First-class observability in Daft

TLDR

New Daft dashboard makes it easy to introspect operator memory, row throughput, and morsel-driven tasking locally/distributed
OTel Endpoints for production telemetry. Just set the OTEL_EXPORTER_OTLP_ENDPOINT environment variable for your existing collector to point Daft OTel metrics at your existing collector.
Stuck detection and a Unix style "TOP" view of tasks. Help isolate the root cause of slow, stuck, or failed queries.
DAFT_TRACE for console debugging. Set DAFT_TRACE=pretty for a structured trace of execution events on stdout — no dashboard required.

What does it mean for Daft to be observable?

Understand what Daft is doing with your query, enough to track down failures or tune for performance.

Daft powers exabyte-scale pipelines at the world's top technology companies.

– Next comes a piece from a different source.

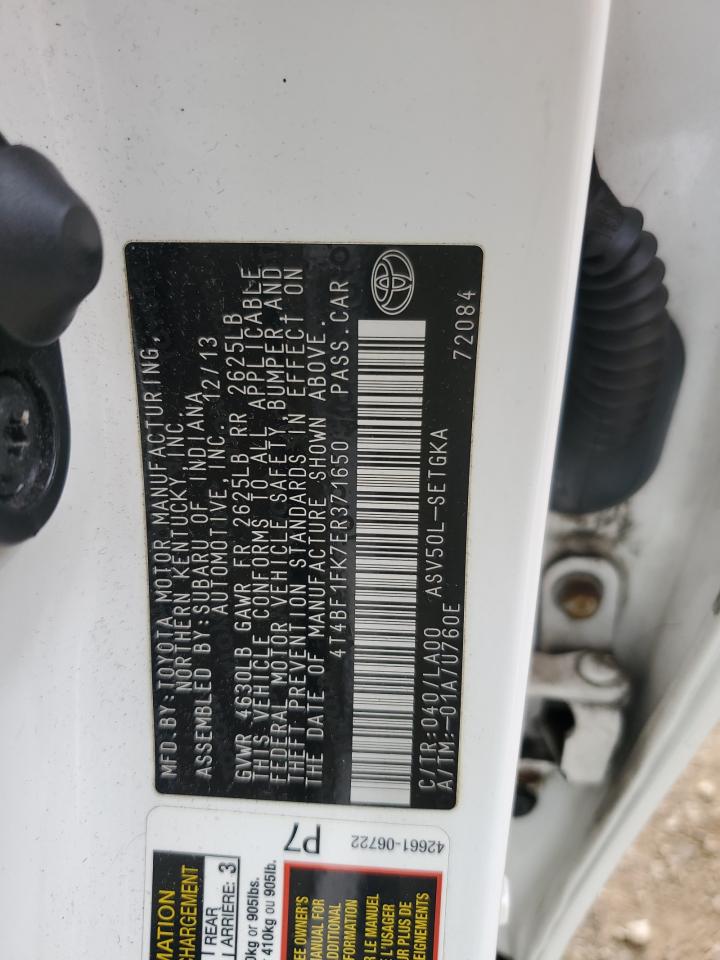 2014 Toyota Camry L VIN: 4T4BF1FK7ER371650 Lot: 86322665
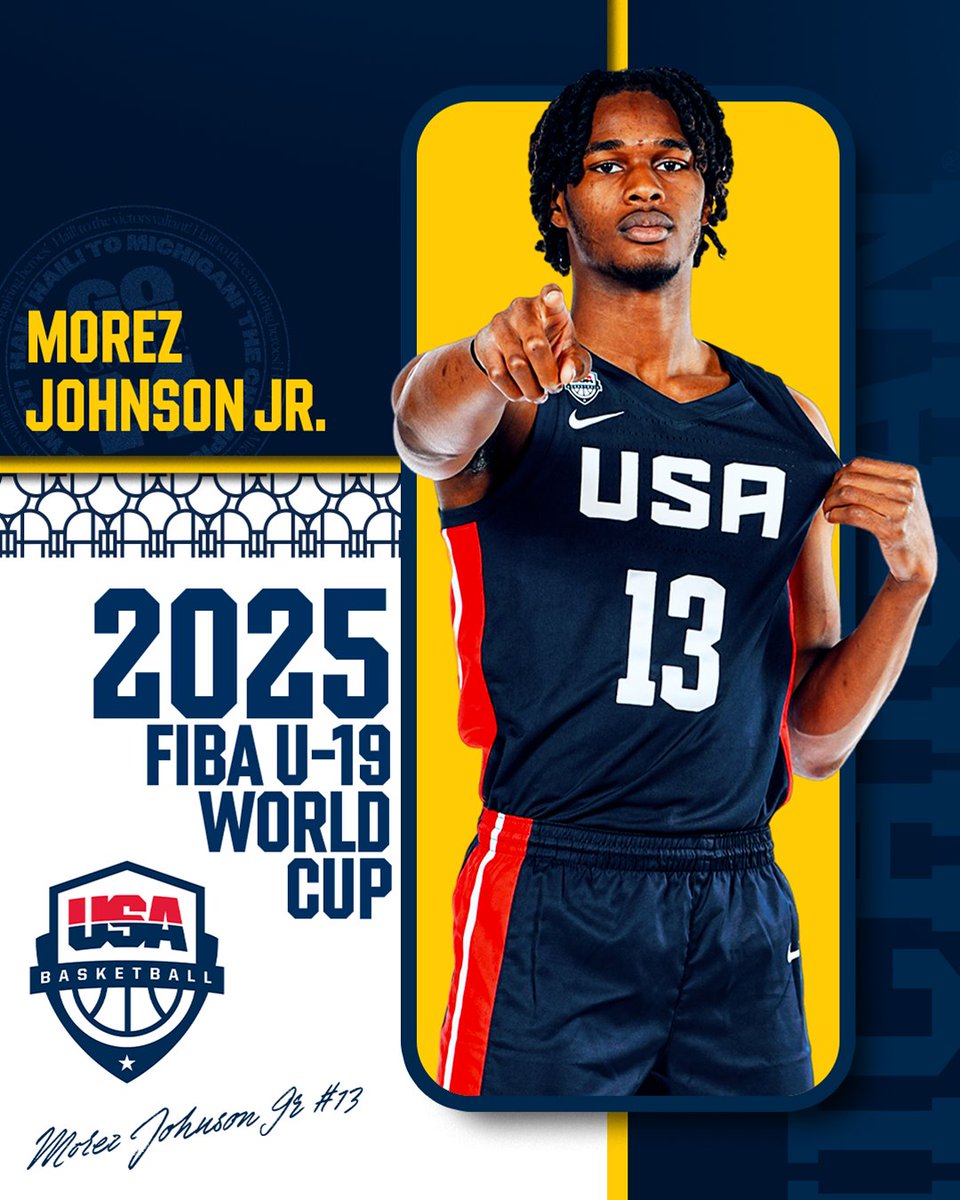 Morez is Red, White &amp; Blue 🇺🇸! Selected as one of 12 members of Team USA, he heads to Switzerland for the 2025 FIBA U19 World Cup (June 28-July 6)! That makes two Wolverines in the event! Find out more below!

Until now, teams running Daft in production had to craft observability dashboards by hand. These teams shouldn't have to guess about their data infrastructure, especially given the cost and complexity of operating distributed systems at scale.

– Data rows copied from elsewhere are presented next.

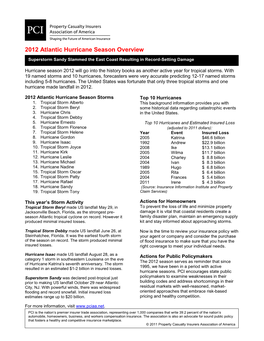 PCI 2012 Atlantic Hurrican Season Overview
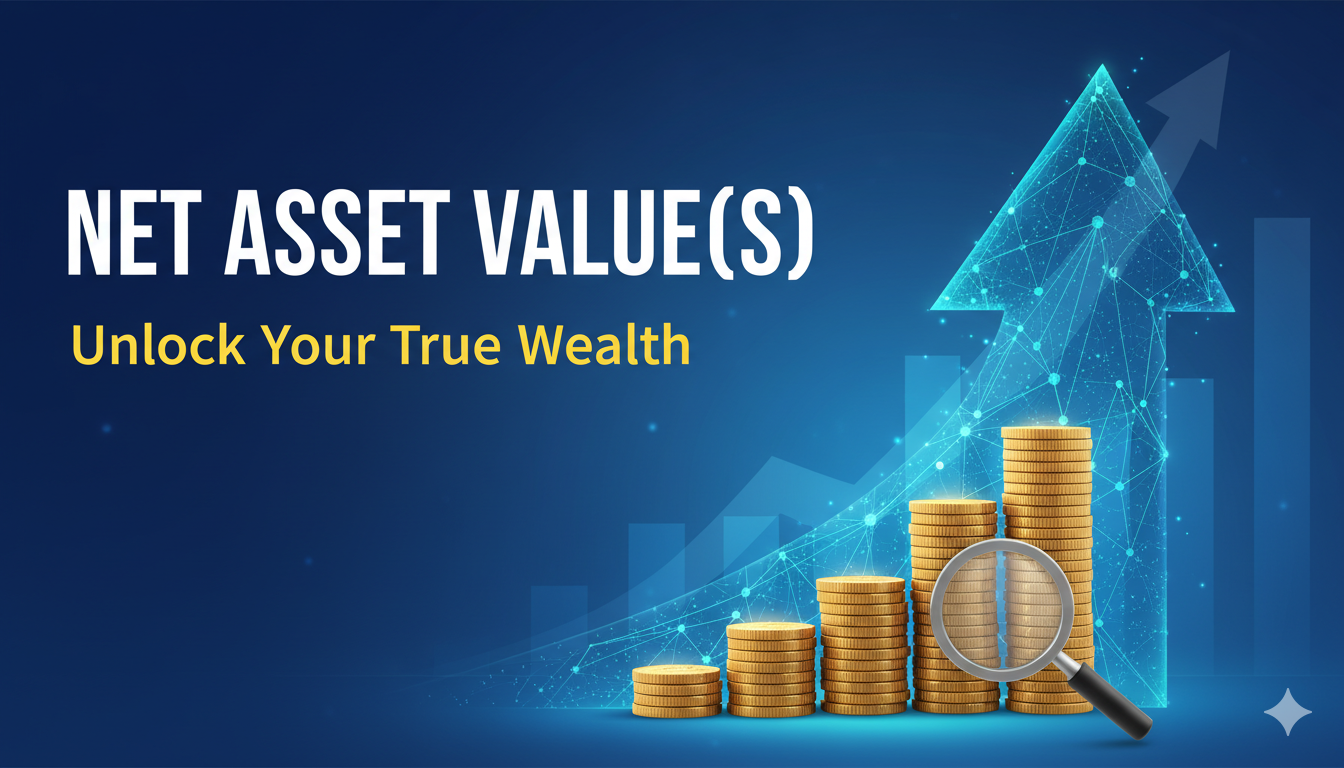 Illustration of a calculator displaying Net Asset Value (NAV) formula with mutual fund and ETF icons in the background.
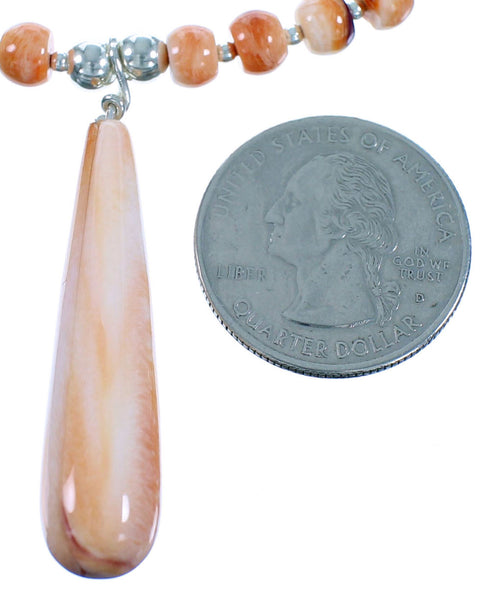 Oyster Shell And Onyx Sterling Silver Bead Necklace SX114400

Today we're adding new observability tooling that makes Operators, Tasks, Rows, and Memory first class citizens. The Daft Dashboard ships with Daft itself powered by OTel compatible instrumentation endpoints. Both Python and Rust are now wired with better logging, metrics, and traces. The result is a frontend experience that is not only a better tool for debugging, but also a more accurate reflection of Daft's morsel driven execution model.

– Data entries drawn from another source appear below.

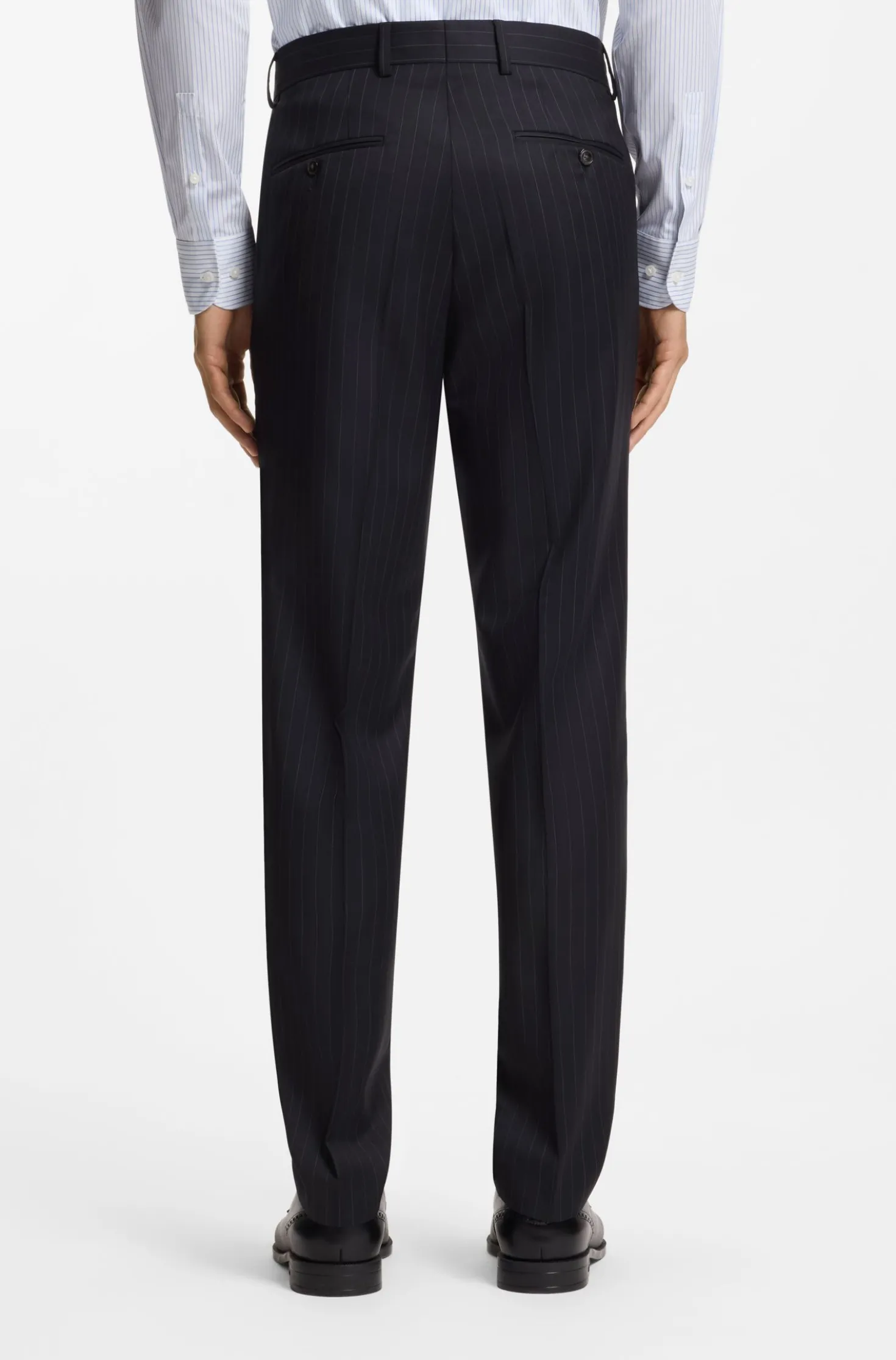Two-piece regular-fit suit in striped virgin wool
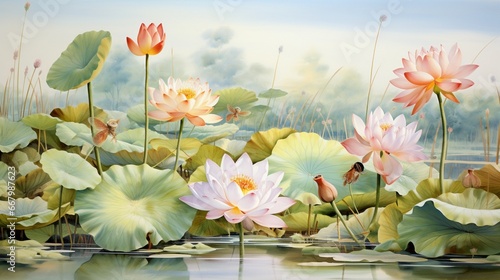 A serene lotus pond  blossoms in full bloom  dragonflies hovering above.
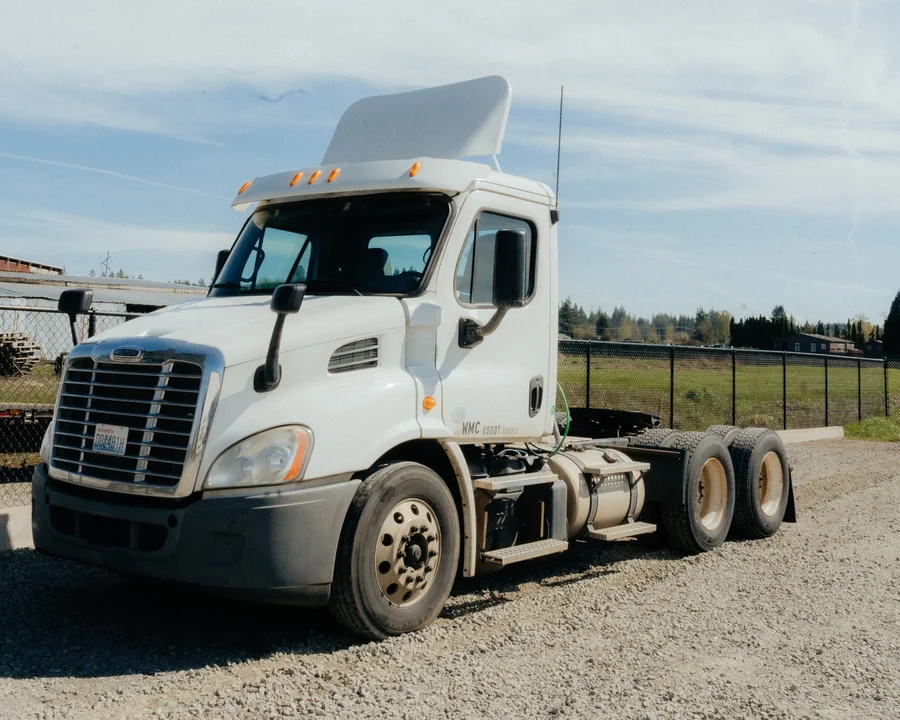 Westmore Freightliner day cab tractor in the equipment yard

For users, this means that when a query is slow, fails, or gets stuck, they can now see what Daft was doing and which operators are consuming the most time or memory. For distributed processing, the Tasks view makes it easy to see which tasks are taking the longest for each operator, providing valuable insights into the actual atomic unit of work in Flotilla. Overall, these improvements help users introspect Daft's runtime behavior making it much easier optimize queries and pipelines.

Start with the dashboard

The Daft Dashboard is a web UI for inspecting query execution. It ships with the standard daft package and is the central observability interface for Daft. Just start the dashboard server, point your script at it, and Daft will push query events into the UI while the job runs.

This matters most when the query is slow, stuck, or failing. The dashboard now shows the physical plan, live operator stats, distributed task progress, failure context, and memory-related metrics in one place. You can use it locally while developing a query, or point a Ray cluster at a dashboard URL that every actor can reach.

uv add daft
uv run daft dashboard start
export DAFT_DASHBOARD_URL=http://localhost:3238
uv run my_script.py
# then open http://localhost:3238

python -m venv .venv
source .venv/bin/activate
pip install daft
daft dashboard start
export DAFT_DASHBOARD_URL=http://localhost:3238
python my_script.py
# then open http://localhost:3238

Daft Dashboard — query execution view with the live plan tree

Find the slow operator

Open the dashboard and the first useful view is the plan tree. It shows the physical operators Daft is running, how data flows between them, and which operators are taking the most time.

Operator cards now include wall-clock time and CPU duration. Slow operators are colored differently from fast ones. Pipeline arrows make the direction of execution explicit. This gives you a fast answer to the first debugging question: where is the query spending time?

Interactive tree visualizer for query plans (#6295)
Physical plan tree with live operator stats (#6299)
Wall-clock and CPU duration on operator cards (#6300)
Pipeline direction arrows in the plan tree (#6625)
Heatmap coloring for operator nodes (#6628)

Inspect distributed tasks

Distributed queries fail and slow down at the task level. A plan node can look suspicious, but you still need to know which tasks are running, which are pending, and whether one task is dragging the operator behind the rest.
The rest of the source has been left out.